Vous terminez votre éditorial en indiquant que le monde doit intervenir, et que la solution du conflit israélo-palestinien est politique. Là, je suis d’accord avec vous, dans la mesure où la communauté internationale doit intervenir, car Israéliens et Palestiniens ne trouveront pas tous seuls une solution. Et c’est vrai que la solution est éminemment politique. Il faut rappeler que l’Etat Israël a été instauré en 1948 par la force sur une terre arabe. Les Arabes n’ont jamais accepté, de leur plein gré, ce corps étranger au milieu d’eux. Plusieurs guerres ont eu lieu depuis entre les pays Arabes et Israël, qui n’ont rien réglé. Israël doit comprendre que pour vivre, il doit faire la paix avec ses voisins. Israël a déjà fait la paix avec la Jordanie et avec l’Egypte en lui rétrocédant le Sinaï. Pour faire la paix avec la Syrie, Israël doit lui rétrocéder le Golan. La paix avec les Palestiniens est plus difficile à réaliser, car on a laissé pendant soixante années la situation se compliquer et s’envenimer. Mais elle est possible, s’il y a une réelle volonté des deux parties, et si la pression de la communauté internationale est forte, notamment celle des Etats-Unis avec le nouveau Président Obama. Quatre problèmes sont à résoudre : la délimitation du territoire du futur Etat palestinien, le statut de Jérusalem, les colonies israéliennes installées en Cisjordanie, et le problème du retour des réfugiés. Il est nécessaire que les deux parties fassent des concessions réciproques sur ces quatre questions, sinon le processus de paix ne pourra pas aboutir. Des résultats concrets de la négociation peuvent favoriser la réconciliation entre le Hamas et le Fatah. Il faut aussi espérer que le Likoud ne gagne pas les prochaines élections législatives en Israël en Février prochain. Ce parti est connu pour son intransigeance concernant le règlement du conflit israélo-palestinien.
Je veux terminer cette lettre par l’espoir qu’enfin ce problème israélo-arabe soit réglé, pour la paix et la prospérité dans cette région.
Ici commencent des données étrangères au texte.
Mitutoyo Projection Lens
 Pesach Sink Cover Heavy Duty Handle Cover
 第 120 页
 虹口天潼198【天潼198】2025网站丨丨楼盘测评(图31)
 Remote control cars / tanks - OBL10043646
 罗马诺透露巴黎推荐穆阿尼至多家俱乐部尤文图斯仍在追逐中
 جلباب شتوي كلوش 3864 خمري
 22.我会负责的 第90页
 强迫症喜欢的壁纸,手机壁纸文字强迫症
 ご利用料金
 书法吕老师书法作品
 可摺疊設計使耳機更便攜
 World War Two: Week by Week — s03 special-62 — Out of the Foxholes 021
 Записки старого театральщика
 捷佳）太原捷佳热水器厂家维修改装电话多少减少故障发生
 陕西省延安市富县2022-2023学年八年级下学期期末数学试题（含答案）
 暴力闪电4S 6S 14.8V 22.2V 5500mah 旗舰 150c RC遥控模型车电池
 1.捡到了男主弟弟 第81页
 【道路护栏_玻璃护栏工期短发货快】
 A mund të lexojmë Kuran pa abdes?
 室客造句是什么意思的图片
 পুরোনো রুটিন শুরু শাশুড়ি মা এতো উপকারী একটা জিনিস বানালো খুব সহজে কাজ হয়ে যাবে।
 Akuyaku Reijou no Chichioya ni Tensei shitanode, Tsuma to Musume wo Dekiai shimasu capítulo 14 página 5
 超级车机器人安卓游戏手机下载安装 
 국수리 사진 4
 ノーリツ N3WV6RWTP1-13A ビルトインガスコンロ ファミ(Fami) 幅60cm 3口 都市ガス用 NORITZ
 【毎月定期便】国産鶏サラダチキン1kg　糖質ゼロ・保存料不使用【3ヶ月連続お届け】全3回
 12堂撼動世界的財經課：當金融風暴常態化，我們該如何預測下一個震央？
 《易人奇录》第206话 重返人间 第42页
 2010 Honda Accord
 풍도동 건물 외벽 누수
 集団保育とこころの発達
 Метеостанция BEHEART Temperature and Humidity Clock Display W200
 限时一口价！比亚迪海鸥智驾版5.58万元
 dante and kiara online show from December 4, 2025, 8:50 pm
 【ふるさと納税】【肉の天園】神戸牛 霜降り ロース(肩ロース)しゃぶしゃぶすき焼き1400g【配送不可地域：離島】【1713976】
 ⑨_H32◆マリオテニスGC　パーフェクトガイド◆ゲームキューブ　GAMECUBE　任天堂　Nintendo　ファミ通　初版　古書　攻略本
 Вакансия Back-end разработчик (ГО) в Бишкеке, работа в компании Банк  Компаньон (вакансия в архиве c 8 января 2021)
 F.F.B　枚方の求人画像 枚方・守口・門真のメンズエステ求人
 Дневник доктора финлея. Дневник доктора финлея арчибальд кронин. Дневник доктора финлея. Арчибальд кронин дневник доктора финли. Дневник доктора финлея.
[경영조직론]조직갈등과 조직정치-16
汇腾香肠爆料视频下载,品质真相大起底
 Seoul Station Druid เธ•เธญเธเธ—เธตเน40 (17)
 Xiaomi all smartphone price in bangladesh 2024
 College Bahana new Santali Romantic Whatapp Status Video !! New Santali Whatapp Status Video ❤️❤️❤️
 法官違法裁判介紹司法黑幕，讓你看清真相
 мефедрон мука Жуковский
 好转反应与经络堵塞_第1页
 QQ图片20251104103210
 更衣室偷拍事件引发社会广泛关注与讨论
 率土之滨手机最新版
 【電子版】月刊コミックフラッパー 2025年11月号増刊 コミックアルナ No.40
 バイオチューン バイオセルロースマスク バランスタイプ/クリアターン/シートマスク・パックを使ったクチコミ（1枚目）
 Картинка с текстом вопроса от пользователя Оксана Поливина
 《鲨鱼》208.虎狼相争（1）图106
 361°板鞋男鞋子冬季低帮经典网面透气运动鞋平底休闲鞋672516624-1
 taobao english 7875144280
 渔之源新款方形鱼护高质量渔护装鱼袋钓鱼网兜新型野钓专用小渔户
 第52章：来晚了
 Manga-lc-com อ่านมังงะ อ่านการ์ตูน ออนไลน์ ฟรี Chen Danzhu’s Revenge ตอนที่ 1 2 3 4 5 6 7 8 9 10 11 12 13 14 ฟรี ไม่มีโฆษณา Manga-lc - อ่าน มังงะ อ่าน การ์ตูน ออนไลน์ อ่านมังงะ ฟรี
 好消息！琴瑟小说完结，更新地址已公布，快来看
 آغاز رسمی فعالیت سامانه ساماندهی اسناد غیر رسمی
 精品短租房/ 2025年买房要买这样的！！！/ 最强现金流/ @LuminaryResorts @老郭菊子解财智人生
Je ne suis pas d’accord avec vous sur le thème intégriste que vous soutenez en indiquant « Parce qu’il est question de religion, la réconciliation n’adviendra jamais ». L’homme a été heureusement doté de raison, et la raison peut transcender la religion. Aussi, je caresse l’espoir de voir un jour Arabes et Israéliens vivre en paix, et œuvrer ensemble pour le développement économique et social de leur population.
Connaissant l’esprit démocratique qui a toujours prévalu à l’Express, je vous prie de publier cette lettre dans son intégralité et en bonne place, afin de donner à vos lecteurs un point de vue différent sur cette grande question du Moyen-Orient. Je garde, et beaucoup de marocains également, le souvenir de l’Express des années 50 et 60, qui avait sous l’impulsion de son fondateur Jean-Jacques Servan Schreiber, défendu avec courage la cause de la décolonisation en Indochine et en Algérie.